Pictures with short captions
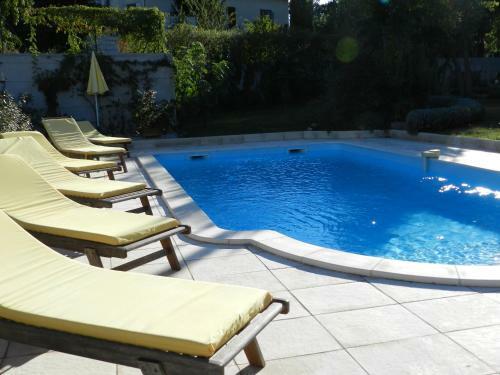 Bed & Breakfast Les Broussous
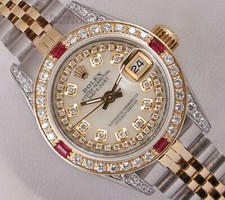 Rolex Lady Datejust 26mm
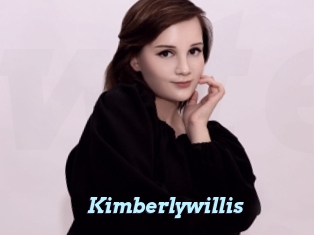 Kimberlywillis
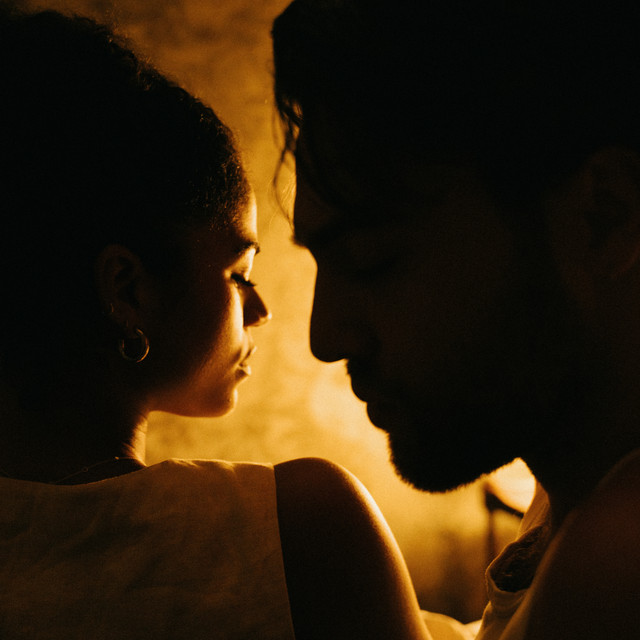 I'd Do It All Again (with Persia Holder)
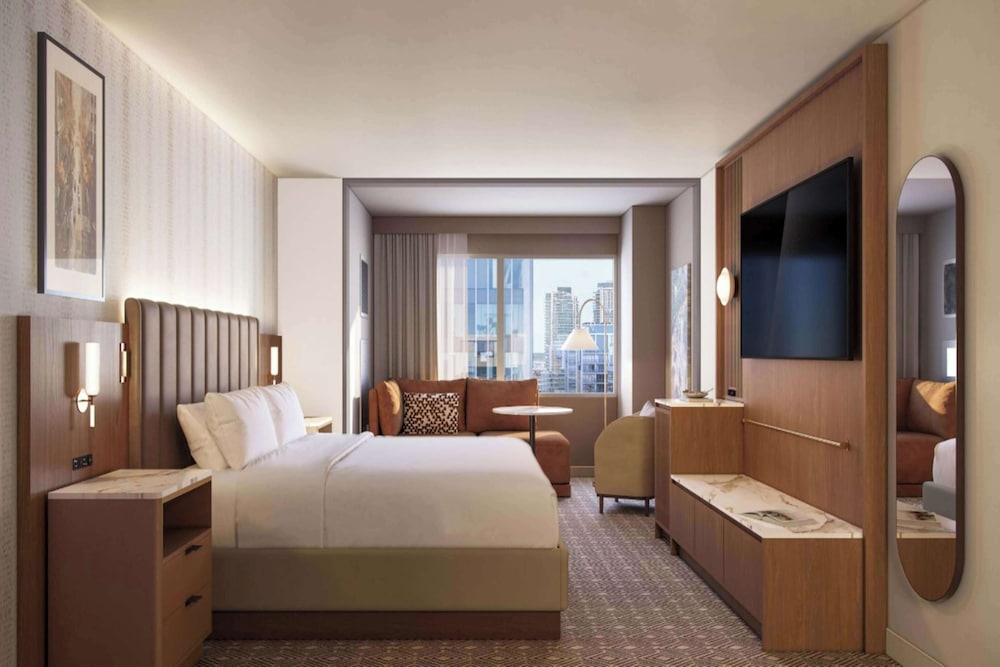 Image of Hyatt Regency Times Square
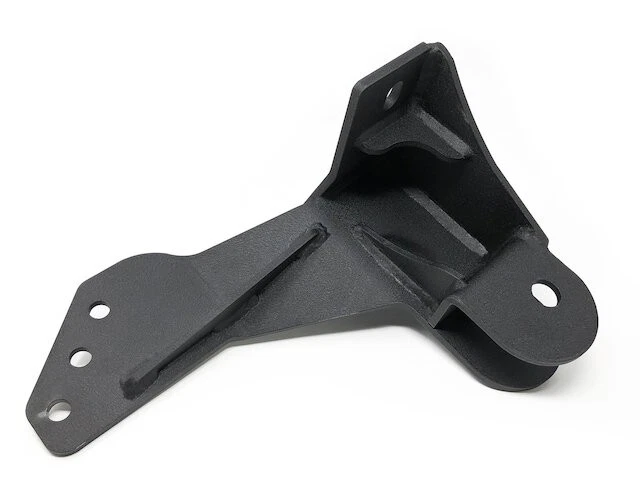 Soporte de barra de oruga de suspensión trasera para Ford F250 Super Duty F350 FK74X8 Foto 2 de 4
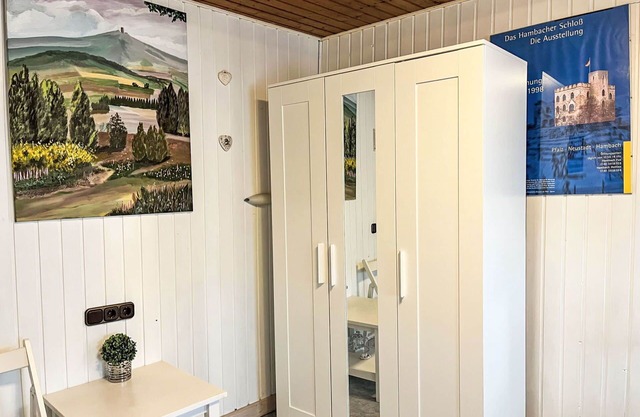 Lovely apartment for 9 people with WIFI, TV and patio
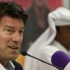 Laudrup, Katar'dan ayrılıyor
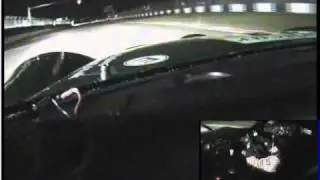 Barwell Motorsport - Britcar Ginetta G50 On-Board Night Stint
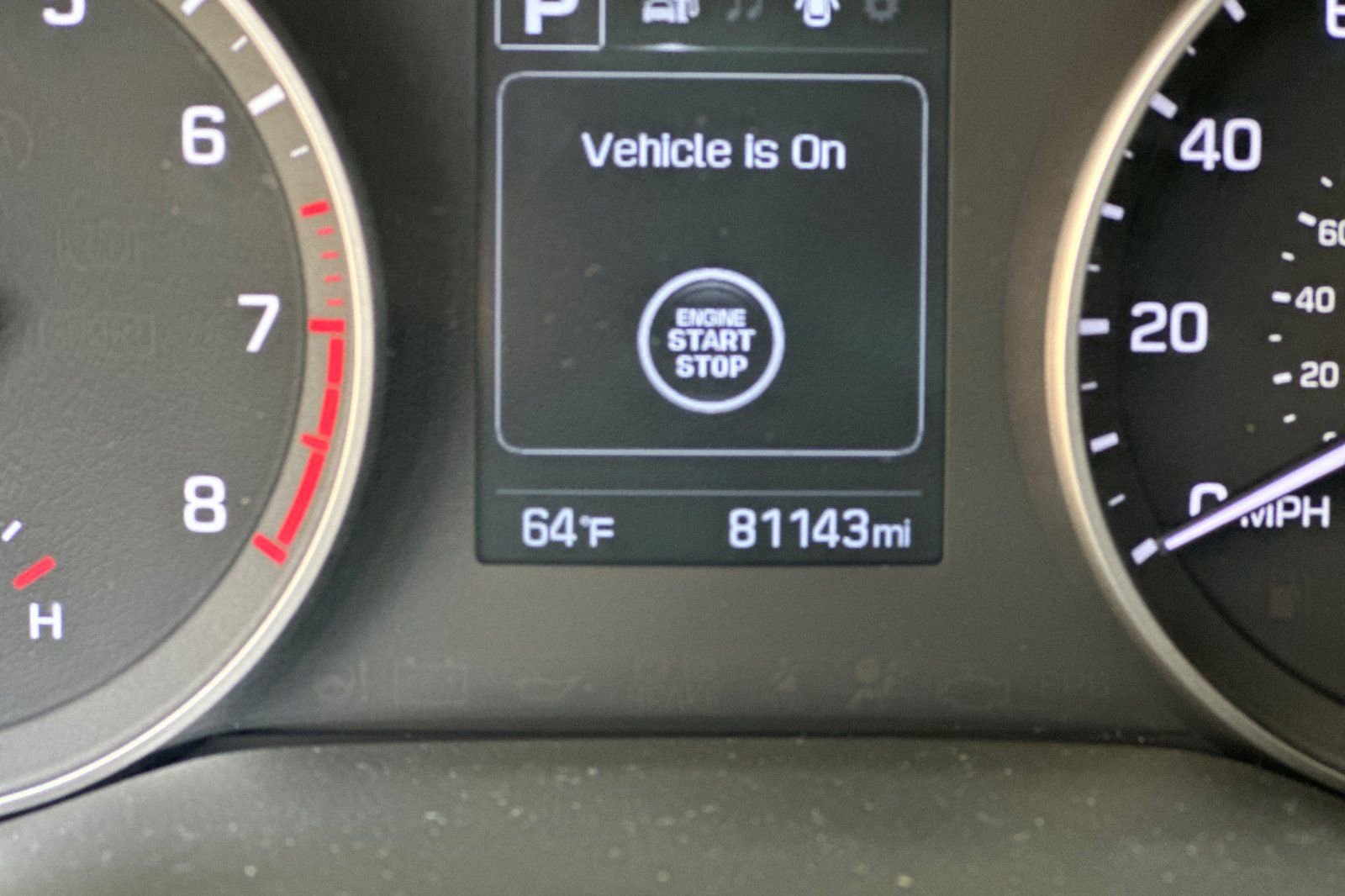 Used 2018 Hyundai Elantra Value Edition FWD image 21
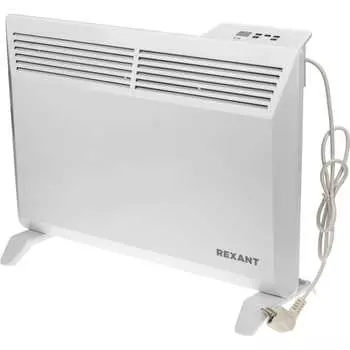 Электрический обогреватель REXANT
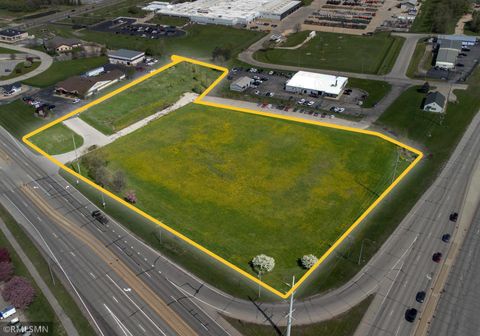 Vacant Land For Sale - 535 37th Street<br/> Olmsted County, Rochester, MN 55906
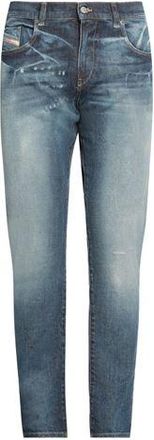 Diesel BOTTOMWEAR - Jeans on YOOX.COM
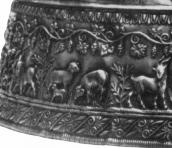 Вівці та козел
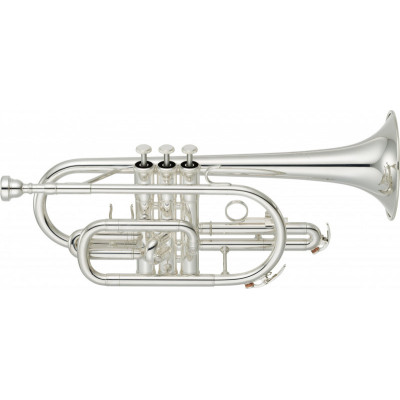 Корнет YAMAHA YCR-2310 SIII//CN
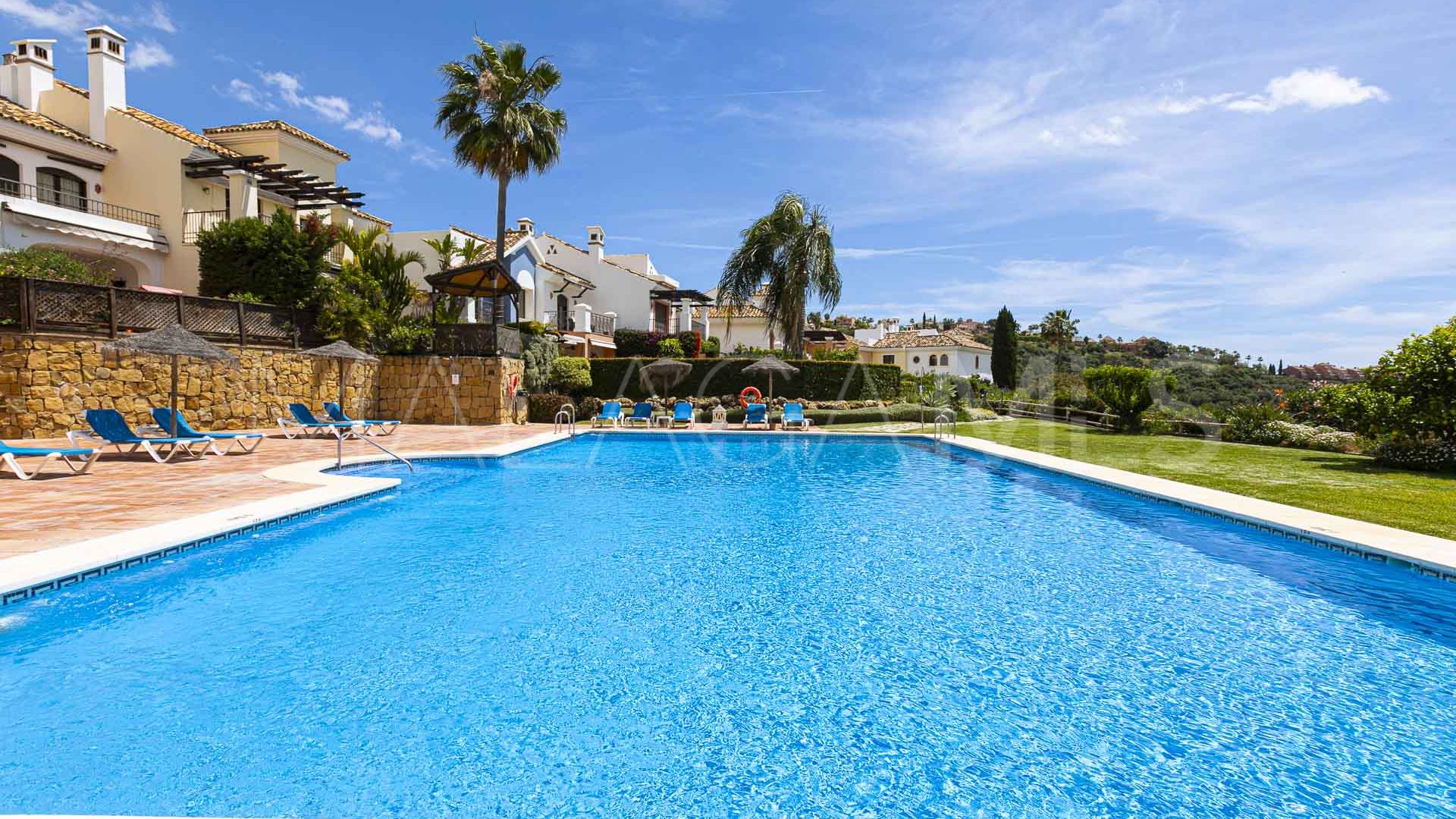 Reihenhaus for sale in Los Almendros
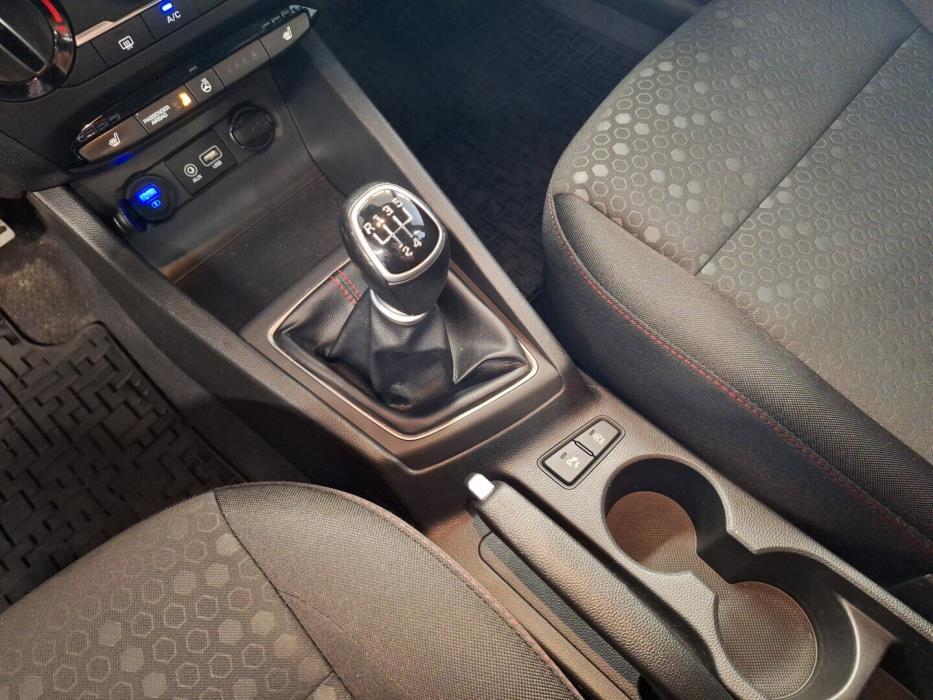 HYUNDAI i20 Active Cross 2019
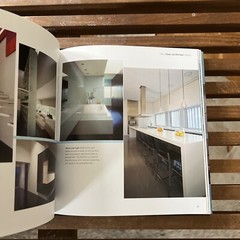 Mediterranean Modern by Dominic Bradbury – Hardcover Architecture Book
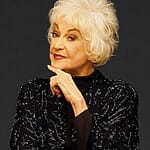 Bea Arthur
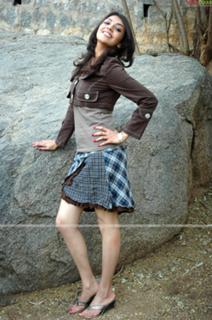 Kajal Aggarwal feet photo thumbnail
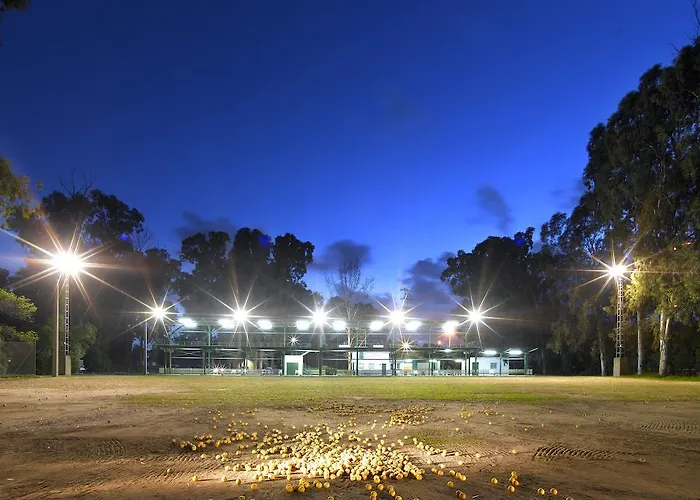 De Golf Málaga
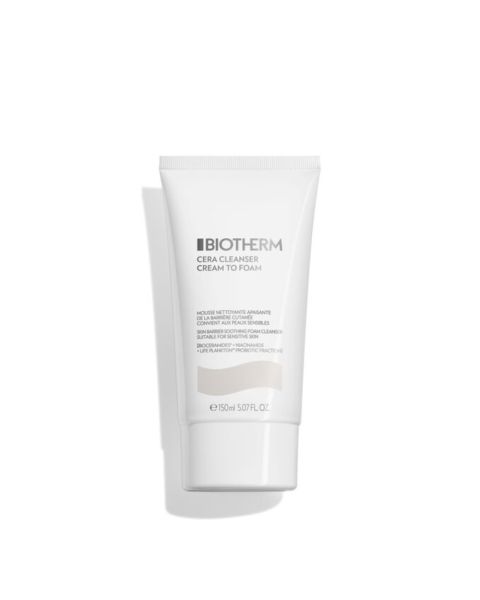Cera Cleanser Cream To Foam
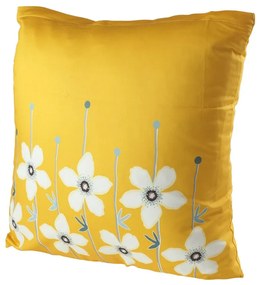 VEBA Obliečka na dekoračný vankúšik - Primavera kvet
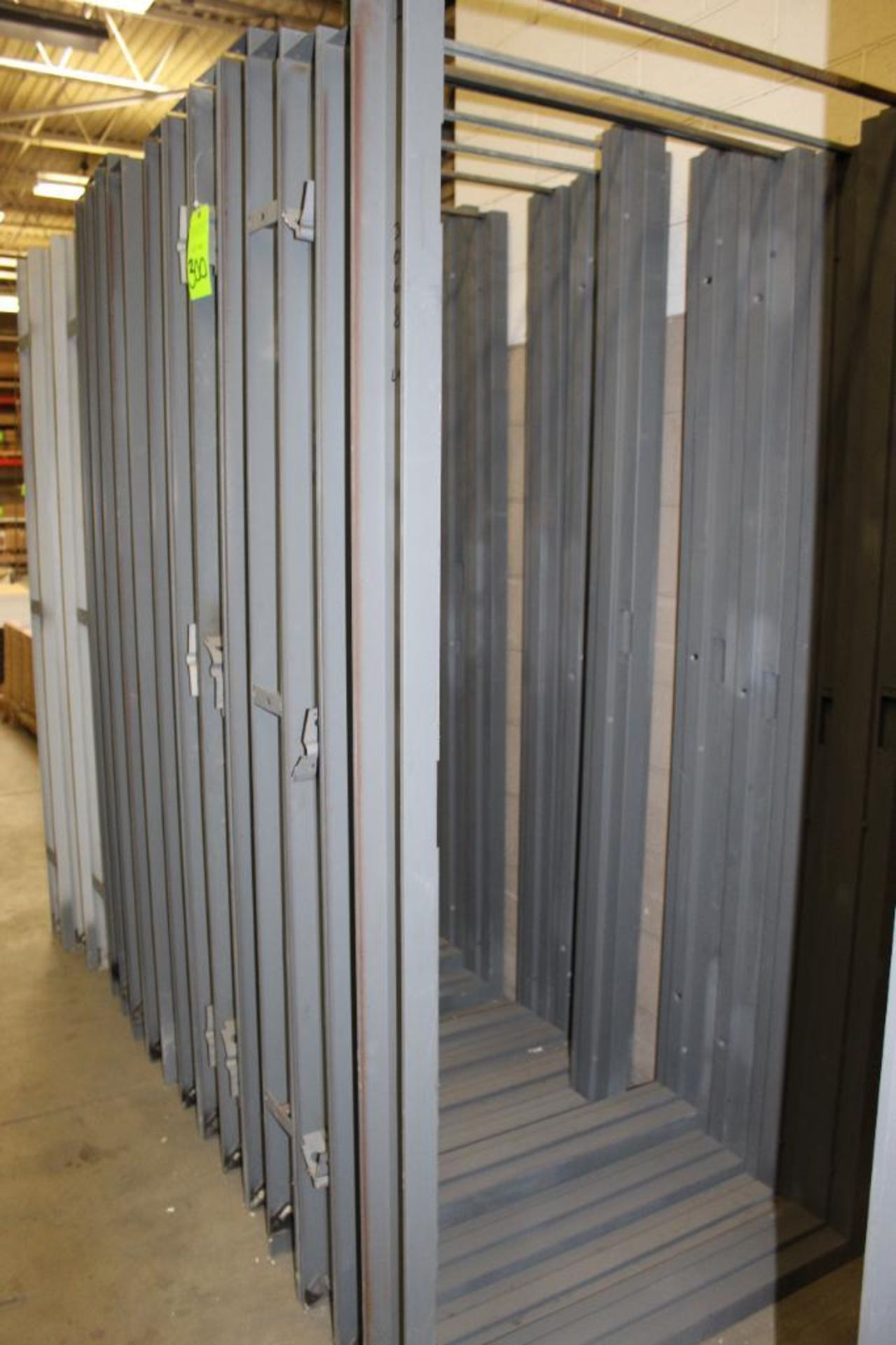 Lot of (15) Welded Frames - Bild 7 aus 14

* _TASK BRIEF_: Quote the entries above word for word. Leave the images out.

* _SOLUTION TO THIS PROBLEM_:
 Bed & Breakfast Les Broussous
 Rolex Lady Datejust 26mm
 Kimberlywillis
 I'd Do It All Again (with Persia Holder)
 Image of Hyatt Regency Times Square
 Soporte de barra de oruga de suspensión trasera para Ford F250 Super Duty F350 FK74X8 Foto 2 de 4
 Lovely apartment for 9 people with WIFI, TV and patio
 Laudrup, Katar'dan ayrılıyor
 Barwell Motorsport - Britcar Ginetta G50 On-Board Night Stint
 Used 2018 Hyundai Elantra Value Edition FWD image 21
 Электрический обогреватель REXANT
 Vacant Land For Sale - 535 37th Street<br/> Olmsted County, Rochester, MN 55906
 Diesel BOTTOMWEAR - Jeans on YOOX.COM
 Вівці та козел
 Корнет YAMAHA YCR-2310 SIII//CN
 Reihenhaus for sale in Los Almendros
 HYUNDAI i20 Active Cross 2019
 Mediterranean Modern by Dominic Bradbury – Hardcover Architecture Book
 Bea Arthur
 Kajal Aggarwal feet photo thumbnail
 De Golf Málaga
Cera Cleanser Cream To Foam
 VEBA Obliečka na dekoračný vankúšik - Primavera kvet
 Lot of (15) Welded Frames - Bild 7 aus 14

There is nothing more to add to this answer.